Jean-Marc Leblanc est un fonctionnaire désabusé dont le petit monde s'écroule. Entre sa femme carriériste et ses deux filles avec qui il n'a pratiquement plus de contacts, il est malheureux à la maison. Il est aussi consterné par son emploi et sa vie sans histoire. Alors il se réfugie dans ses fantasmes, où il côtoie les plus belles femmes et reçoit les prix les plus prestigieux.
Marc Labrèche est particulièrement juste dans le rôle principal. Dans ses relations d'impuissance avec sa femme et ses filles, il est brillant, spécialement touchant et désemparé. S'il est à l'aise sous les projecteurs de la célébrité - qu'il soit politicien, écrivain ou acteur - il est saisissant dans la cruauté de la réalité et dans la folie de ses fantasmes. Les femmes - ah! les femmes - qui l'entourent, de Diane Kruger à l'excellente Camille Léonard-Rioux, ajoutent de la beauté pure à ce constat désolant. Sylvie Léonard joue la même chose depuis dix ans, elle est donc dans le ton.

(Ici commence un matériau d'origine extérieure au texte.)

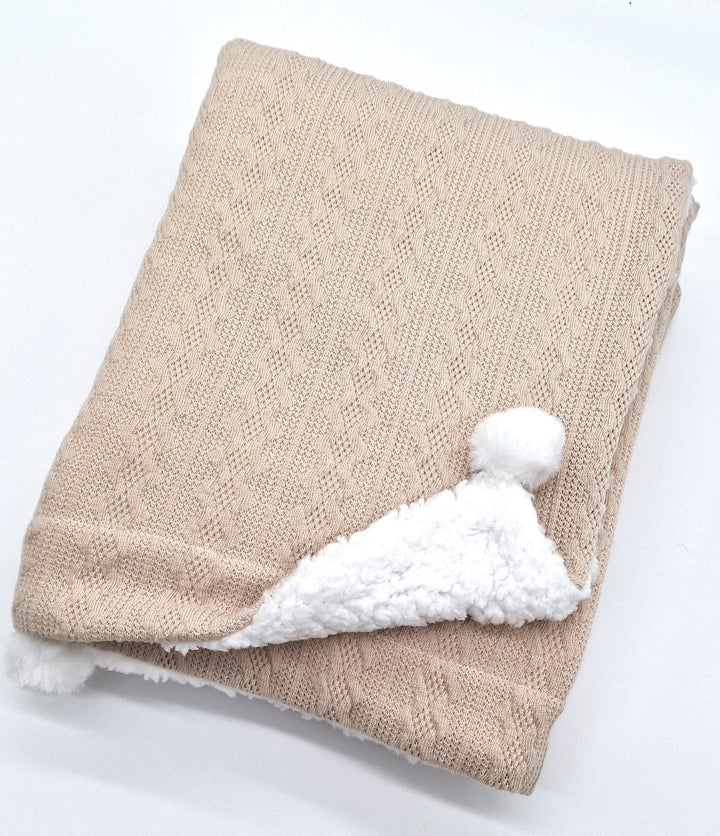 Personalised Embroidered Coffee Pink Knitted Pompom Blanket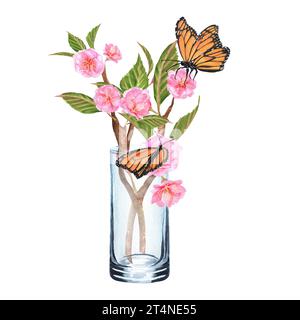 Illustrazioni ad acquerello disegnate a mano. Sakura si ramifica con fiori rosa e foglie verdi e farfalle in un bicchiere Foto Stock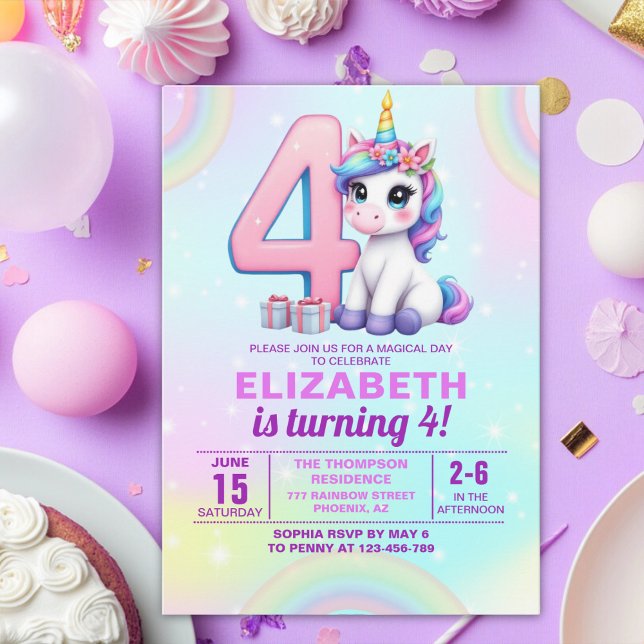 Rainbow Unicorn 4th Birthday for Girls” Invitation (Creator Uploaded)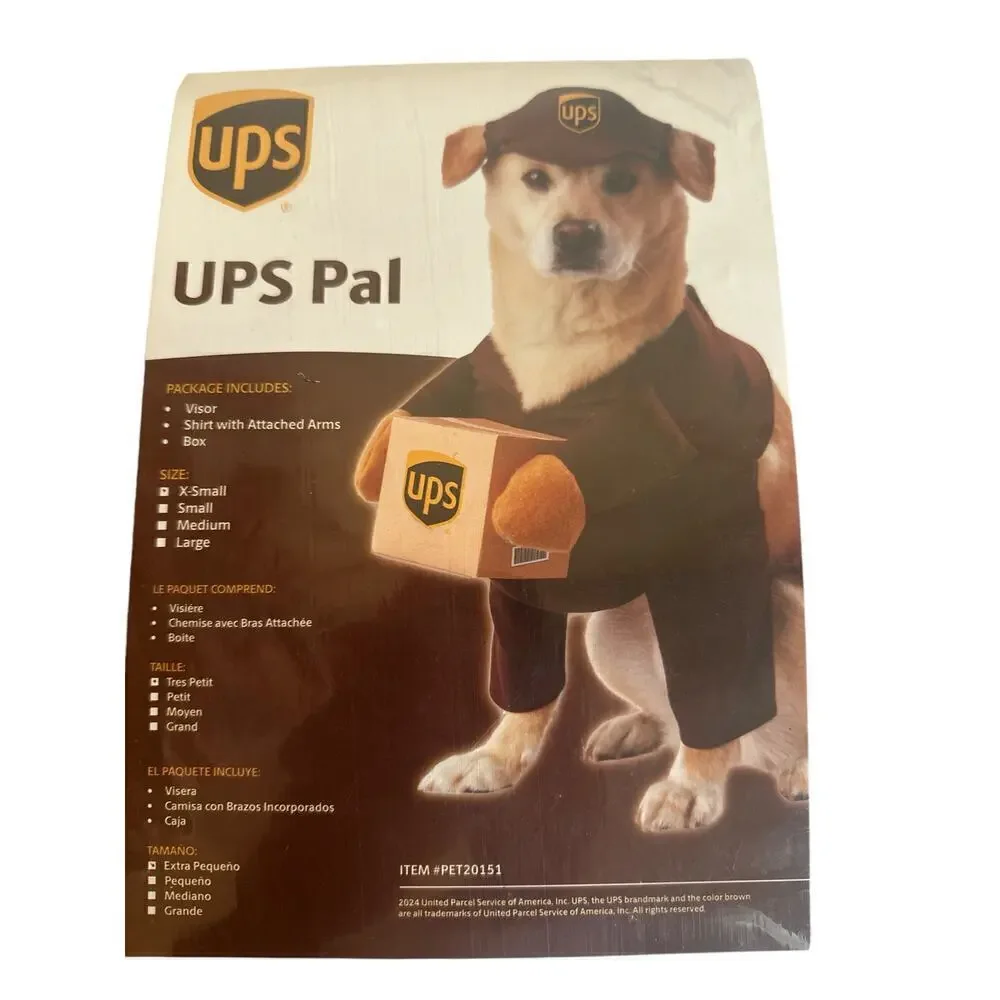 California Costumes UPS Pal Shirt Visor Box Dog Postman Costume Size XS Brown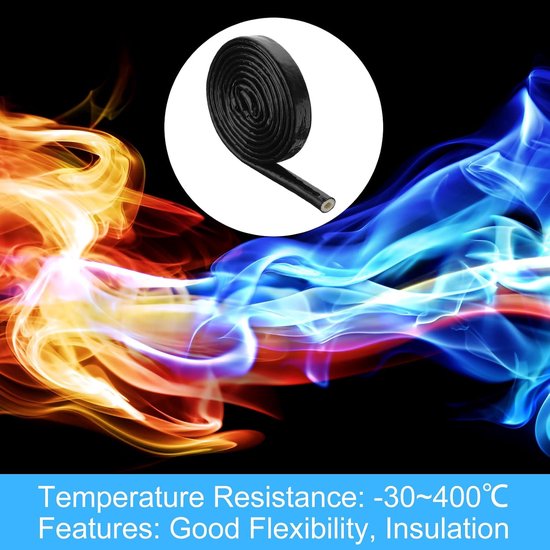 0,3 inch (1,3 cm) ID 5ft band glasvezel met siliconencoating brandwerende mantel thermisch afgeschermd, voor autoslangen, elektrische kabel, zwart — afbeelding 5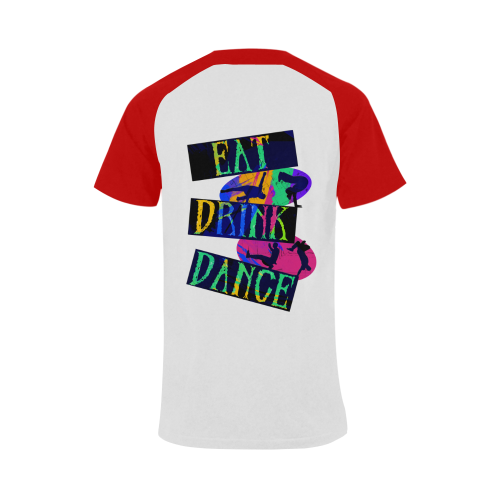 Break Dancing Colorful / Red Men's Raglan T-shirt (USA Size) (Model T11)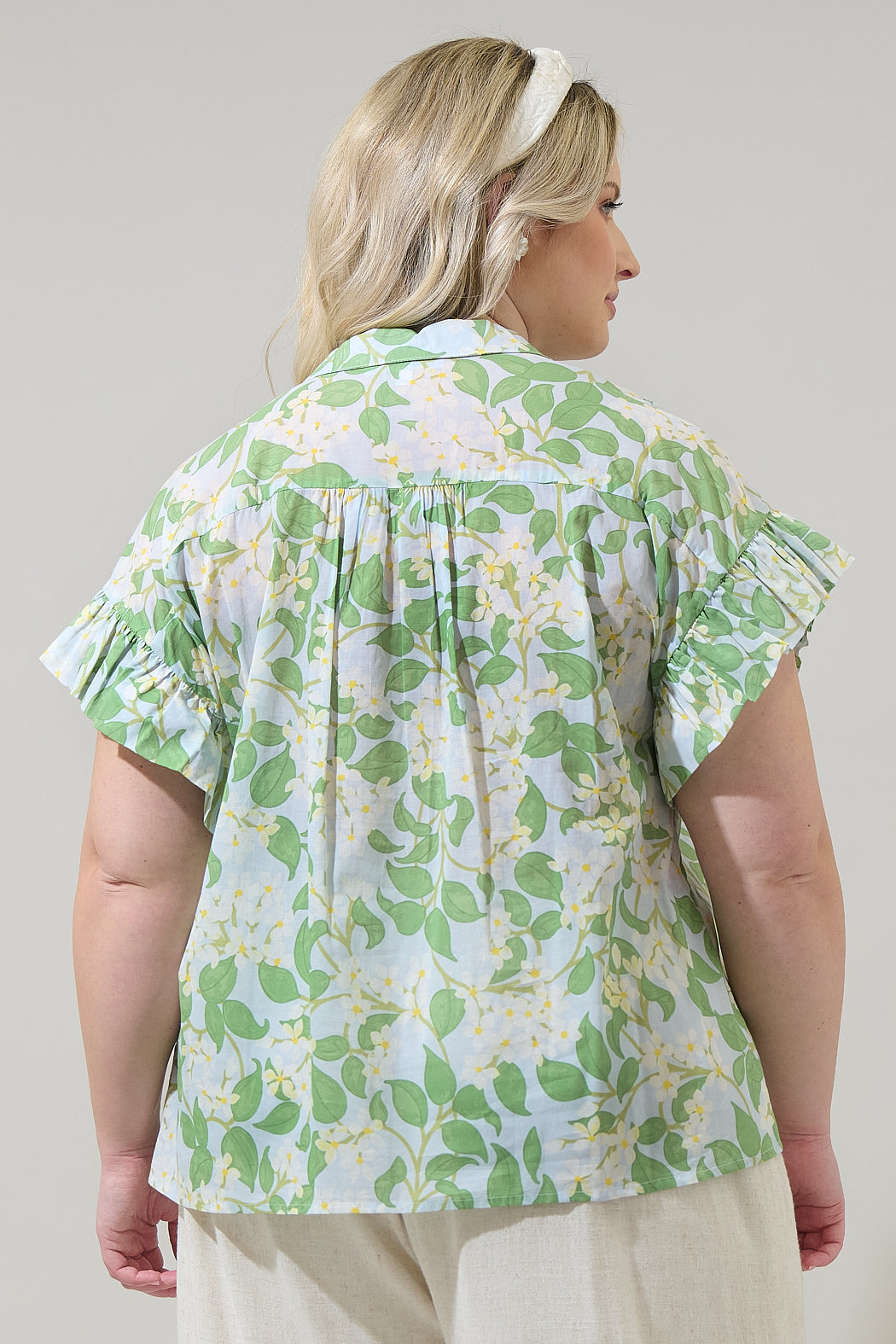 Kiany Floral Ina Button Up Top Curve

De nombreux caméos, particulièrement ceux de Christian Bégin en thérapeute par le rire et de Pauline Martin en spécialiste feng shui, sont à la fois dénonciateurs et amusants, comme pour faire mieux passer une pilule bien trop dure à avaler. Des clins-d'oeil rigolos à l'utilisation du mot "nègre" jusqu'à la brutalité des disputes conjugales, autant Jean-Marc Leblanc que Denys Arcand exposent leur découragement postmoderne à travers l'humour excessif du sarcasme. Rarement un film aussi drôle aura laissé aussi malheureux face à un constat d'échec.
Sauf qu'Arcand trébuche quand même quelques fois. La ridicule séquence dans les studios de Tout le monde en parle avec Thierry Ardisson est d'un ennui rare, tout comme l'humour presque puéril de la séquence médiévale, qu'on disait trop longue lors des premiers échos cannois et qui n'est finalement qu'une pause amusante dans le déroulement dramatique du film. Sinon, les effets spéciaux sont souvent ratés, malheureusement, et la transformation Rufus Wainwright-Marc Labrèche au début du film effraie dès le départ, alors que la "disparition" des égéries de Jean-Marc est un peu trop "magique".
Pas le meilleur film de Denys Arcand, on le savait déjà. Mais les plus grands déchirements sont à prévoir lorsque le Québec verra le film en décembre; certains, tout simplement déçus d'Arcand, ne pourront pas supporter L'âge des ténèbres, alors que d'autres vivront le film, plus près de Stardom que de Les invasions barbares, comme la juste caricature qu'il est, où les défauts d'une société sont relevés et soulignés au gros trait, rouge et fluorescent. Entre ça et enfiler la soutane pour faire la leçon, Denys Arcand a choisi la meilleure option.